The qcc moving range chart as implemented in the qcc package.

The qcc moving range chart as implemented in the qcc package.

The qcc moving range chart as implemented using ggplot2 and grid graphics.

The qcc moving range chart as implemented using ggplot2 and grid graphics.

New features

In addition to the standard features in qcc plots, I’ve added a few new options.

size or cex
Set the size of the points used in the plot. This is passed directly to geom_point().
font.size
Sets the size of text elements. Passed directly to ggplot() and grid’s viewport().
title = element_blank()
Eliminate the main graph title completely, and expand the data region to fill the empty space. As with qcc, with the default title = NULL a title will be created, or a user-defined text string may be passed to title.
new.plot
If TRUE, creates a new graph (grid.newpage()). Otherwise, will write into the existing device and viewport. Intended to simplify the creation of multi-panel or composite charts.
digits
The argument digits is provided by the qcc package to control the number of digits printed on the graph, where it either uses the default option set for R or a user-supplied value. I have tried to add some intelligence to calculating a default value under the assumption that we can tell something about the measurement from the data supplied.
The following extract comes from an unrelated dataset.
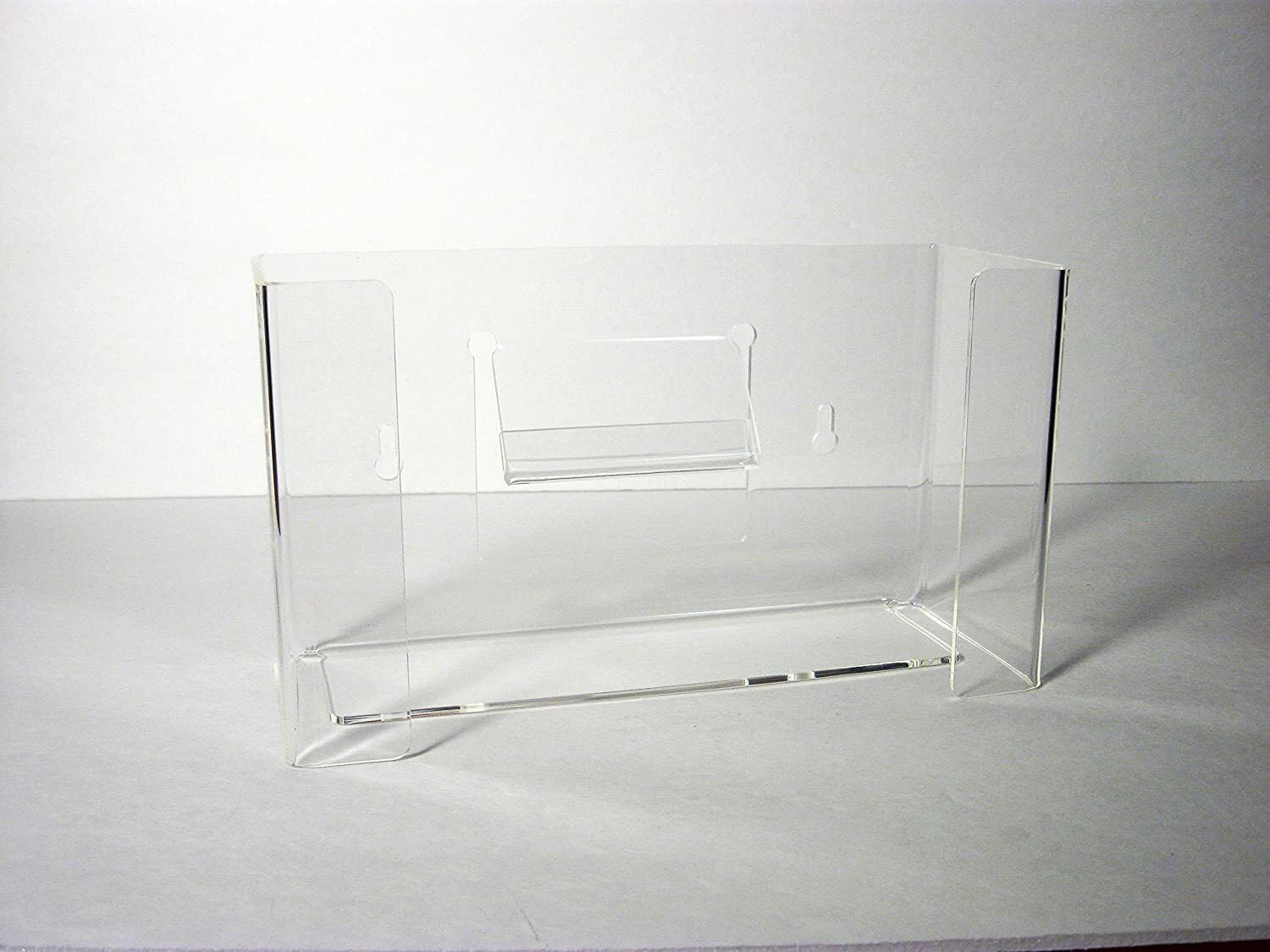 Clear Horizontal Glove Box Holder for Car - Organize and Secure Your Essentials While Driving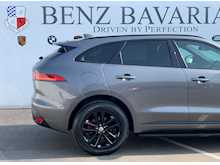 Jaguar F Pace 2.0d R-Sport SUV 5dr Diesel Auto AWD (s/s) (240 ps)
You can see the results in the sample graphs above.

Lessons Learned

This little project turned out to be somewhat more difficult than I had envisioned, and there are several lessons-learned, particularly in the use of ggplot2.

First, ggplot2 really needs data frames when plotting. Passing discrete values or variables not connected to a data frame will often result in errors or just incorrect results. This is different than either base graphics or grid graphics, and while Hadley Wickham has mentioned this before, I hadn’t fully appreciated it. For instance, this doesn’t work very well:

my.test.data <- data.frame(x = seq(1:10), y = round(runif(10, 100, 300)))
my.test.gplot <- ggplot(my.test.data, aes(x = x, y = y)) + 
  geom_point(shape = 20)
index.1 <- c(5, 6, 7)
my.test.gplot <- my.test.gplot +
  geom_point(aes(x = x[index.1], y = y[index.1]), col = "red")
my.test.gplot

Different variations of this sometimes worked, or sometimes only plotted some of the points that are supposed to be colored red.

However, if I wrap that index.1 into a data frame, it works perfectly:

my.test.data <- data.frame(x = seq(1:10), y = round(runif(10, 100, 300)))
my.test.gplot <- ggplot(my.test.data, aes(x = x, y = y)) + 
  geom_point(shape = 20)
index.1 <- c(5, 6, 7)
my.test.subdata <- my.test.data[index.1,]
my.test.gplot <- my.test.gplot +
  geom_point(data = my.test.subdata, aes(x = x, y = y), col = "red")
my.test.gplot

Another nice lesson was that aes() doesn’t always work properly when ggplot2 is called from within a function. In this case, aes_string() usually works. There’s less documentation than I would like on this, but you can search the ggplot2 Google Group or Stack Overflow for more information.

One of the bigger surprises was discovering that aes() searches for data frames in the global environment. When ggplot() is used from within a function, though, any variables created within that function are not accessible in the global environment. The work-around is to tell ggplot which environment to search in, and a simple addition of environment = environment() within the ggplot() call seems to do the trick. This is captured in a stack overflow post and the ggplot2 issue log.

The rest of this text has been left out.